Could you restate the data word for word and drop the pictures?

GIVEN MATERIAL
────────
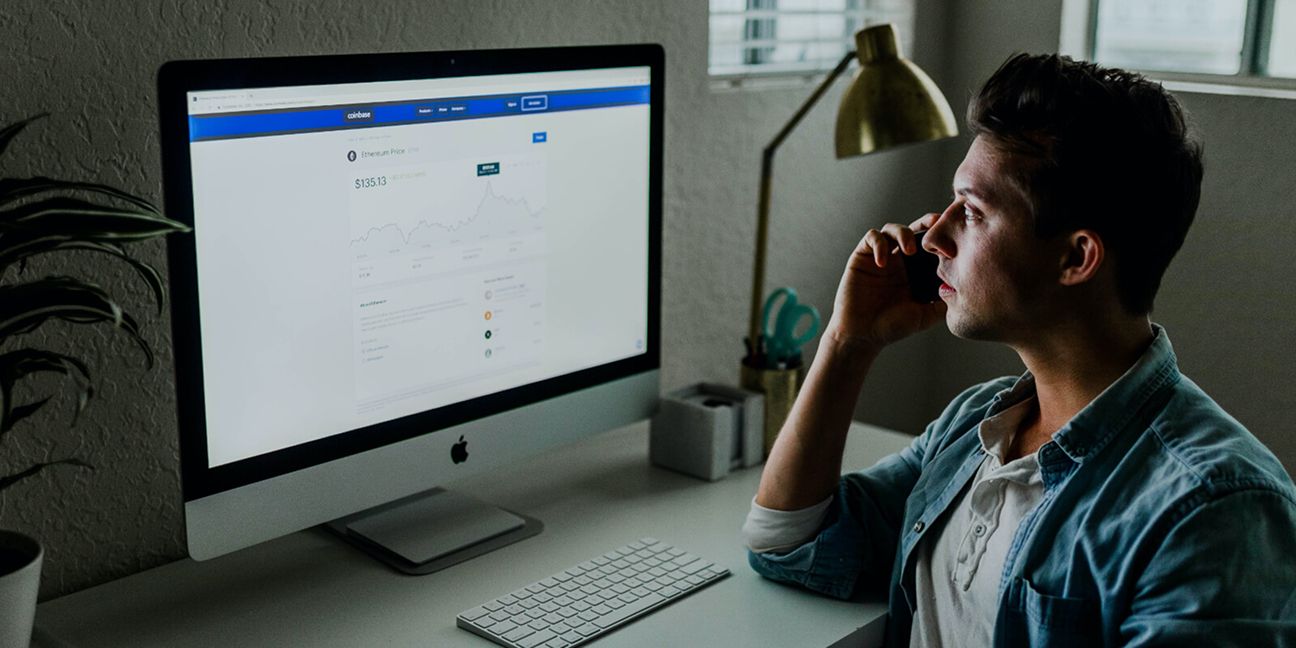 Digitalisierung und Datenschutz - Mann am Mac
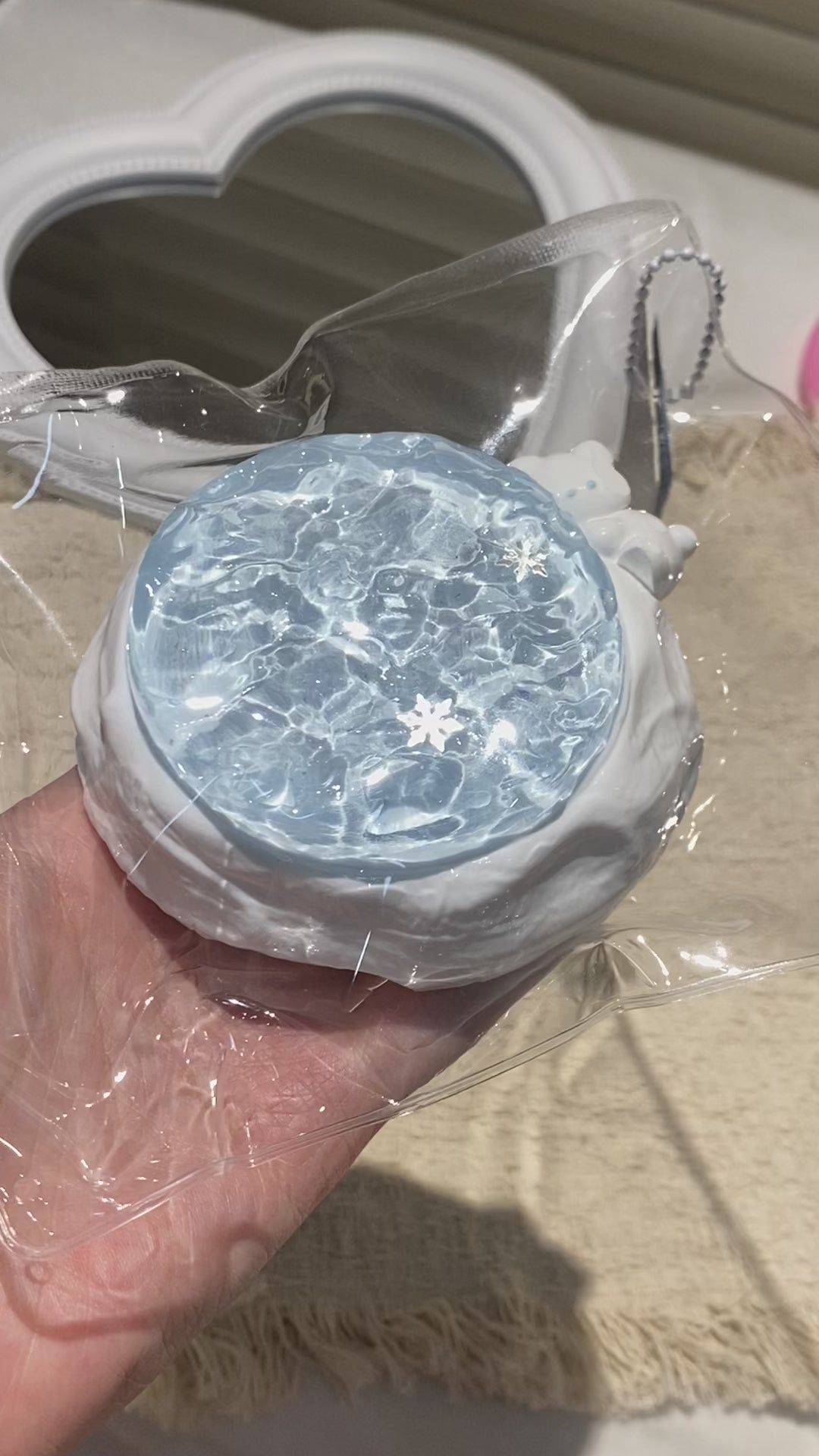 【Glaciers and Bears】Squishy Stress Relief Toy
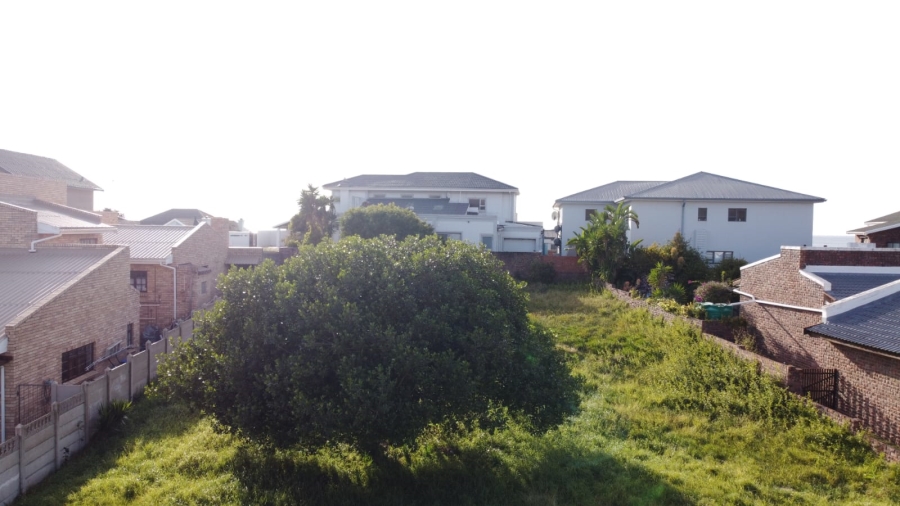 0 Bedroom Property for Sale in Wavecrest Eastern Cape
────────
WRITTEN SOLUTION
 Digitalisierung und Datenschutz - Mann am Mac
 【Glaciers and Bears】Squishy Stress Relief Toy
 0 Bedroom Property for Sale in Wavecrest Eastern Cape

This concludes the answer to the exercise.